The other issue is how long do you run a canary for and when do you start? As Matt mentioned again, we have the baseline cluster that we spin up to try to minimize the effect of a brand new application, which is the canary starting up with a older application or running with an older application, which is why we spin up the baseline cluster running the old code as well. But your application may be very random in behavior at the first five minutes, 10 minutes, 15 minutes, depending on what you’re doing. Caches have to be filled. Maybe you’re loading something from databases or such before you actually start serving traffic. So it’s up to you to decide when you do that, when you actually start looking at the metrics from the Canary analysis, actually starts looking at that to determine what health looks like.
And the other issue is how long do you run the Canary? If your granularity of data is every minute, the current algorithm that we use really wants about 45 data samples, which means you’re already exposing users to 45 minutes, plus the warmup period, before you can actually get the first judgment to say, is this good or bad? So that’s a window of risk that we really are trying to get down.
So one thing we’re doing and once again at Netflix is trying to get that down so we get five second or ten second granularity data, so we can actually get a Canary analysis within the first 45 times whatever step size we use, which should help a lot. This is especially effective on larger scale Canaries where people actually, our customer service team is very aware when we run Canaries, because they oftentimes are the people who get the first call and they are able to look into our database and say that Canary is running. Let’s see if that’s the issue or not.
And along that line, the size of your original cluster really matters. In this case, this is a microservice and there’s a simple load balancer in front of it. That may not be sufficient for some applications. If you have a small number of servers that actually handle a lot of traffic, you may have to actually adjust the way you get the traffic to those individual servers. In this case, we have the production cluster running six instances. We have the baseline running three, which means the Canary itself is 25 percent of the effect, so 25 percent of users, if this canary is bad, could get a very bad response.

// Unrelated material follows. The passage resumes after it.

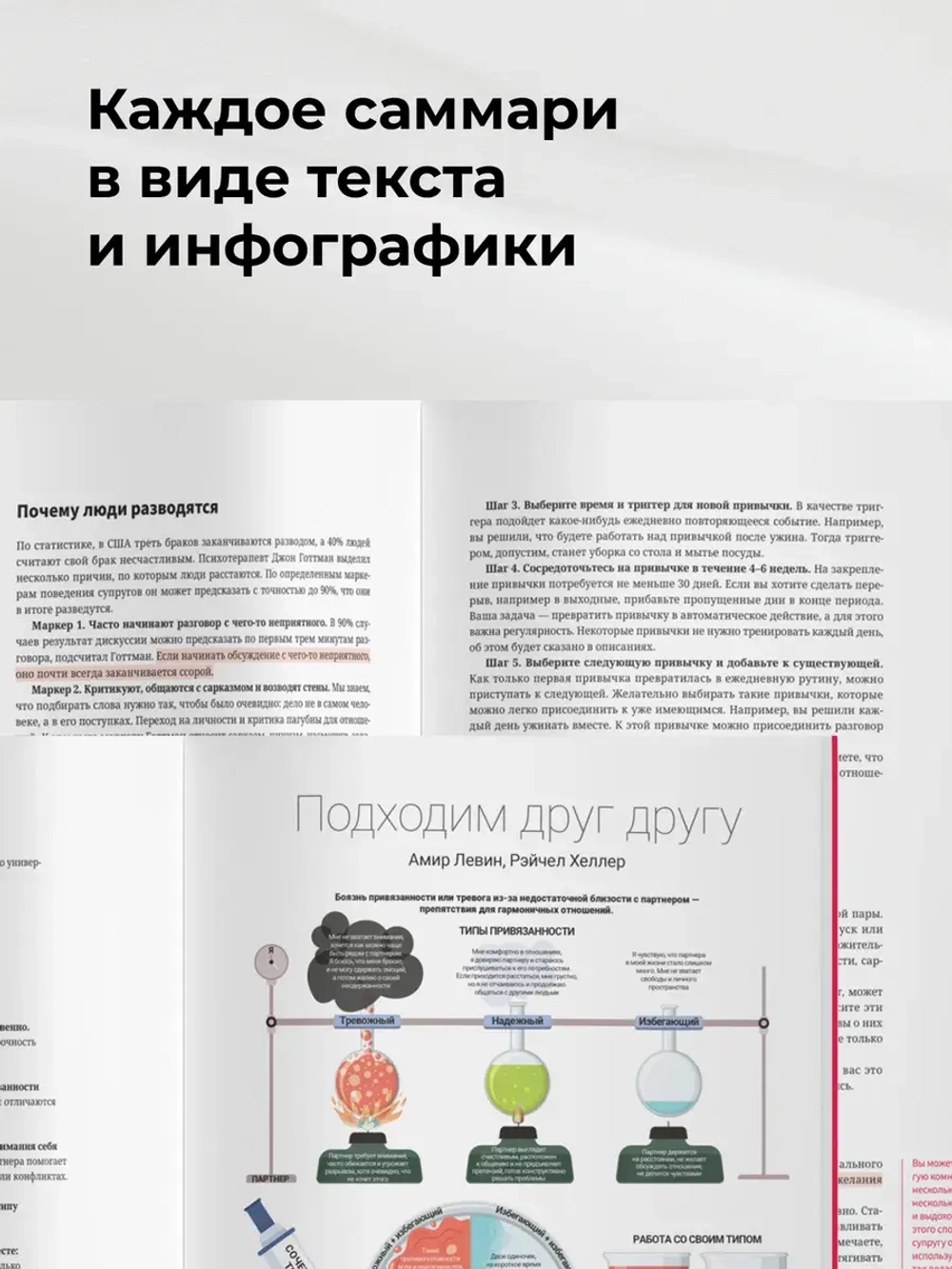 ВМЕСТЕ: мужчина и женщина. Визуальный гид по укреплению ваших отношений на основе 12 бестселлеров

In the microservice world, we also expect this to be very homogeneous, where the application itself does everything. The application does a small number of things, but every server is the same. You can’t really Canary something that’s running a different type of service against another one, but we get that request once in a while, especially whenever you roll out a new feature. So ideally when you first do the Canary, all the features are identical across the board and then you’d flip the switch later, which could be a second Canary, because you can also Canary the feature flag to turn that on.

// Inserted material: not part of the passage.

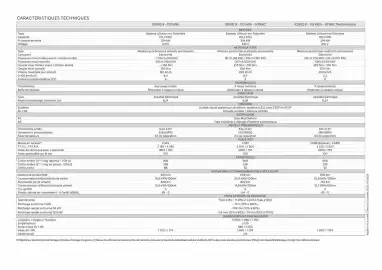 Catalogue Hyundai page 37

So keep in mind, Canaries aren’t magic. They are a tool that help you protect against mistakes that you were about to deploy. Without Canary analysis, you would have already deployed this code. This isn’t a test suite, it’s a thing that says, okay, now that area, all the testing has been done, all the work has been done to make certain it’s safe, it’s a final check. If you can’t determine how it works, we’re not going to have a magic bullet that determines what healthy is for your application.
And so you have to know how to measure your application as being successful or not. You have to know what it means for it to be unhealthy and be able to find that and program that into the system. And you have to have data come into some common place that we can fetch that from. And the higher granularity, the better. In our case we have something called Atlas which is very similar to other things you’ve seen that has tags for everything. So we can actually slice and dice as much as we need to.